Experts break down the science behind the political signs
A colony of political yard signs exists on a rise of land at the intersection of Main Road and Aldrich Lane in Laurel.
“Experience counts. Re-elect Judge Bill Price,” one large sign reads. “Vote for Tobie Wesnofske, Superintendent of Highways,” another says.
The barrage of signs isn’t an unusual sight; indeed, during election years, political signs seem to be everywhere. And while their design scheme may seem straightforward enough — a dabble of red, a smattering of blue and the candidate’s name in block letters are all typical features — considerable thought goes into the creation and execution of the average 18-by-24-inch sign.
“My idea of a good lawn sign is whether or not it can be read from a car driving past it at 40 miles per hour,” said Peter McGreevy, chairman of the Southold Republican Committee. He said the political yard signs of all Republican nominees in Southold Town use the same fonts and colors to maintain consistency across the party slate.
“The name of the person and what office they’re running for is the most important message to get across,” he said.
Art Tillman, chairman of the Southold Democratic Committee, has similar ideas regarding the efficacy of political yard signs.
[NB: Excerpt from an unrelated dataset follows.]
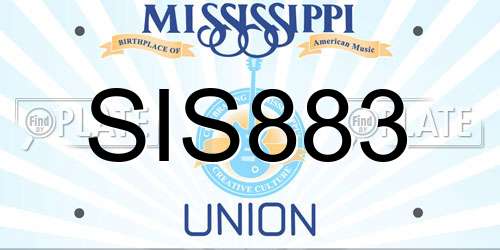 SIS883 Mississippi License Plate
“It’s not a science as to what works and doesn’t work,” Mr. Tillman said. “We generally go with capital letters. The colors and the contrast are important.”
Extremely important, he found out.
“Eight years ago, possibly 10, we brought a couple of people into our meetings who were supposedly designers,” Mr. Tillman said. “They recommended signs with a light green background with white letters – or vice versa, I don’t recall. Anyway, when we got the signs we were shocked. When we put them on the road you could hardly read them. It was a disaster.”
What works best? After 25 years at Wedel Signs on West Main Street in Riverhead, designer Ted Squires has concluded that simplicity is key.
“As far as the wording goes, keep it simple,” he said. “Include your name, what you’re running for, and either ‘elect’ or ‘re-elect.’ The more you put on [the sign], the less people will read.”
While it remains to be seen which candidates will prevail at the polls — and, ostensibly, whether or not their placards could be judged as effective or not — political yard signs have had a place in American history since the years immediately following World War II, said Stanley Klein, professor of political science at C.W. Post Long Island University in Brookville.
The reason, he said, is simple: more Americans owned houses with lawns following the war.
And political yard signs do work, Mr. Klein said, although he considers door-to-door stumping for votes a candidate’s best shot of getting elected.
“In Nassau County during the 1968 election, there was an assemblyman running by the name of Marty Ginsberg,” Mr. Klein said. “He had 45 four-by-eight signs put up around his election district. Newsday’s comment [at the time] was, ‘It is no longer Plainview. It is Ginsberg-ville.’ By the way, he was re-elected.”
More than 40 years later, local candidates are still hoping that a purposefully positioned yard sign can make the difference between defeat and victory.
“I think they’re effective in getting the message out that a candidate is running,” Mr. McGreevy said. “In some ways, they’re the equivalent of wearing your favorite sports team’s cap or jersey.”